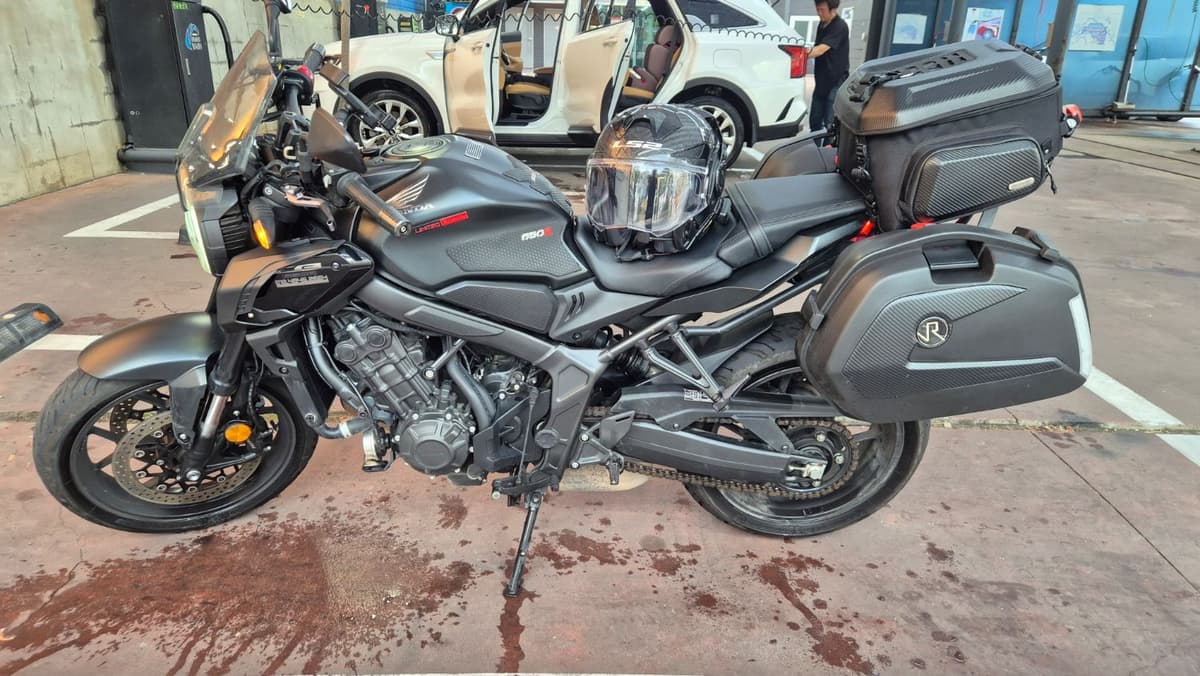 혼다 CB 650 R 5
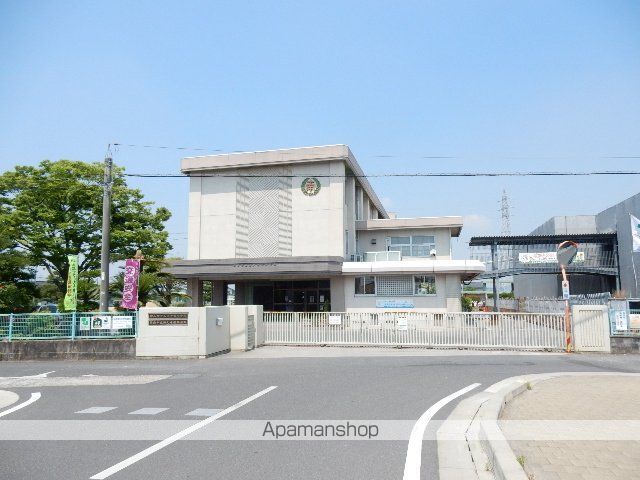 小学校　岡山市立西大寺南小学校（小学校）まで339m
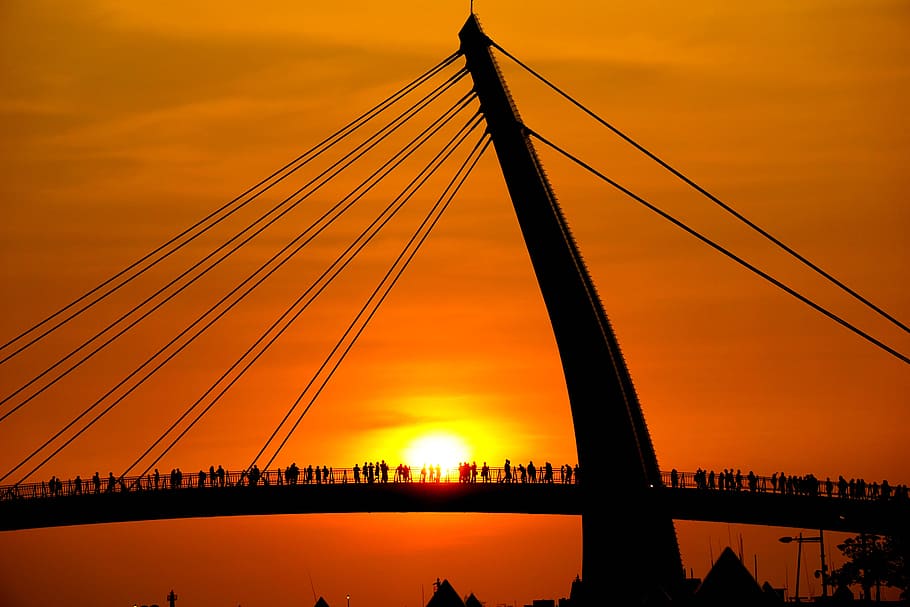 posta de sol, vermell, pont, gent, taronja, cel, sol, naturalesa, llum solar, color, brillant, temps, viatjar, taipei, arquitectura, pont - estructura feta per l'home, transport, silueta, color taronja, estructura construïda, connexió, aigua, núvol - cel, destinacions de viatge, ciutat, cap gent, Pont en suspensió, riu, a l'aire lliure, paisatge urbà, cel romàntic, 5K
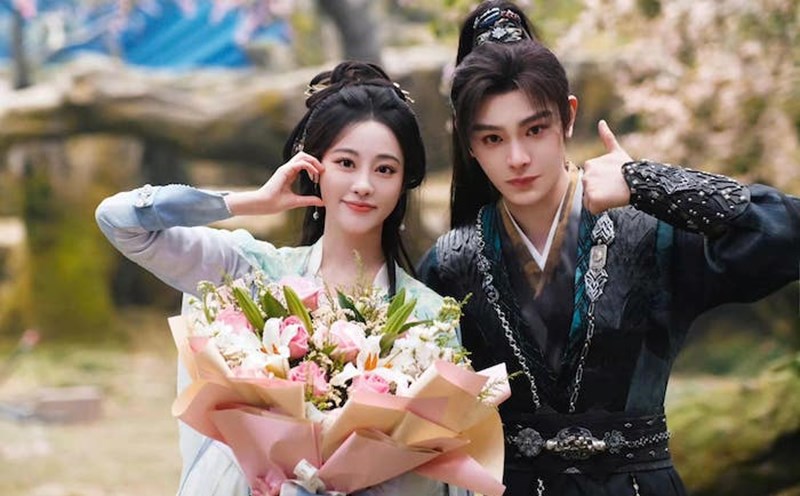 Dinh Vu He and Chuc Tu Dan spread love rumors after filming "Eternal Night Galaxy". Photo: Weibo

════

§ **TASK INSTRUCTIONS**: Exactly as written, give again every line from the one containing "小学校　岡山市立西大寺南小学校（小学校）まで339m" through the last line of the material, both included, with the pictures left out.

§ **OUTPUT**:
 小学校　岡山市立西大寺南小学校（小学校）まで339m
 posta de sol, vermell, pont, gent, taronja, cel, sol, naturalesa, llum solar, color, brillant, temps, viatjar, taipei, arquitectura, pont - estructura feta per l'home, transport, silueta, color taronja, estructura construïda, connexió, aigua, núvol - cel, destinacions de viatge, ciutat, cap gent, Pont en suspensió, riu, a l'aire lliure, paisatge urbà, cel romàntic, 5K
 Dinh Vu He and Chuc Tu Dan spread love rumors after filming "Eternal Night Galaxy". Photo: Weibo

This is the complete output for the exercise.